[Given data]
== Segment start ==

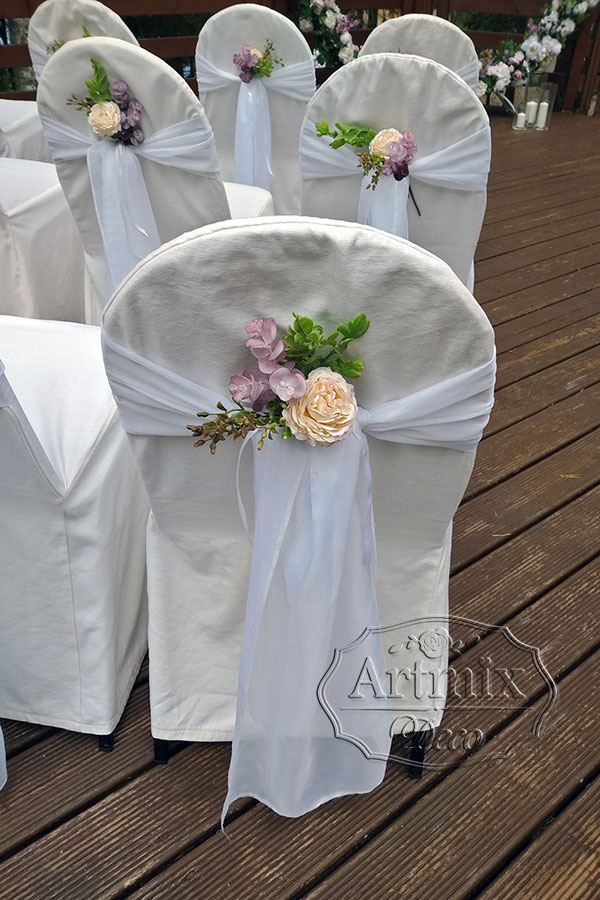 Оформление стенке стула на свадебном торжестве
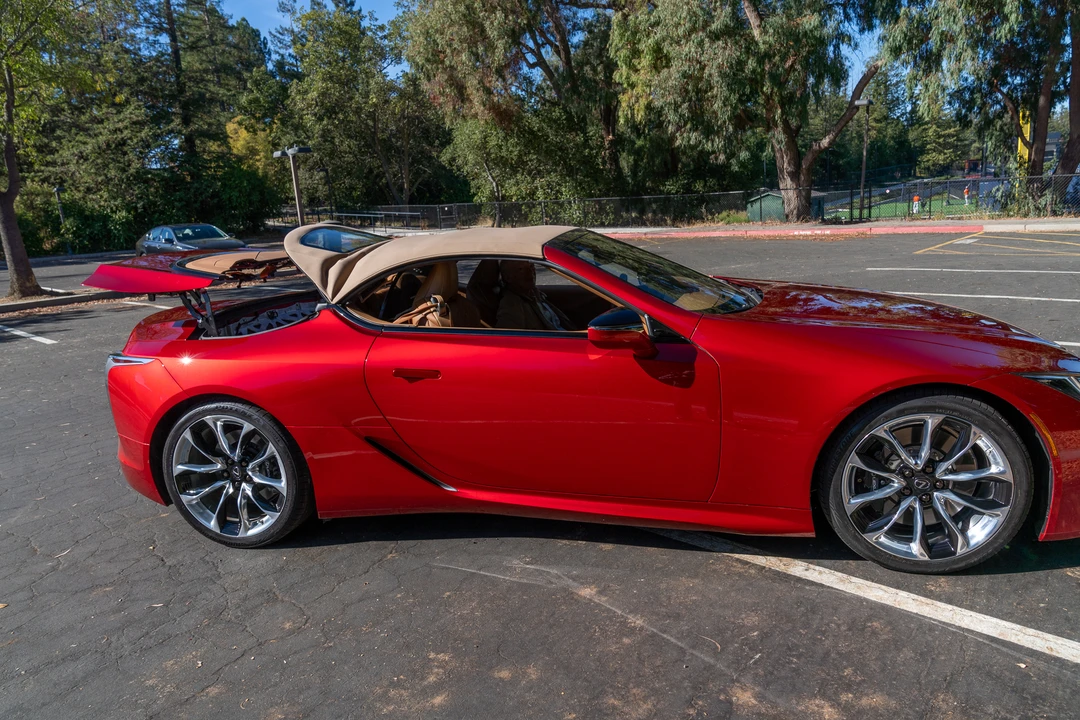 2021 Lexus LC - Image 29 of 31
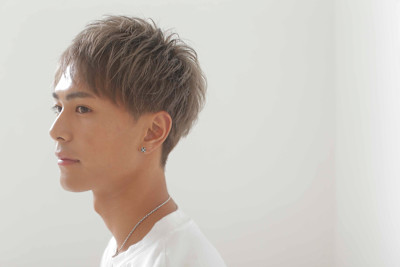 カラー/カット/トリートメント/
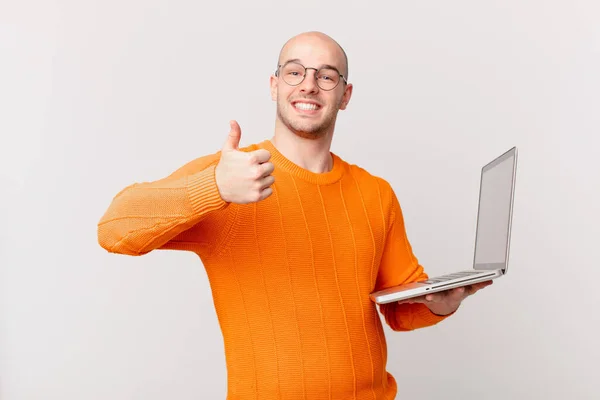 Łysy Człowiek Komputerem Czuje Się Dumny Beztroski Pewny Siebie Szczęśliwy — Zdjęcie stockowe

== Segment end ==

[Required work]
Would you set down the listing exactly, omitting pictures?

[Reply to the task]
 Оформление стенке стула на свадебном торжестве
 2021 Lexus LC - Image 29 of 31
 カラー/カット/トリートメント/
 Łysy Człowiek Komputerem Czuje Się Dumny Beztroski Pewny Siebie Szczęśliwy — Zdjęcie stockowe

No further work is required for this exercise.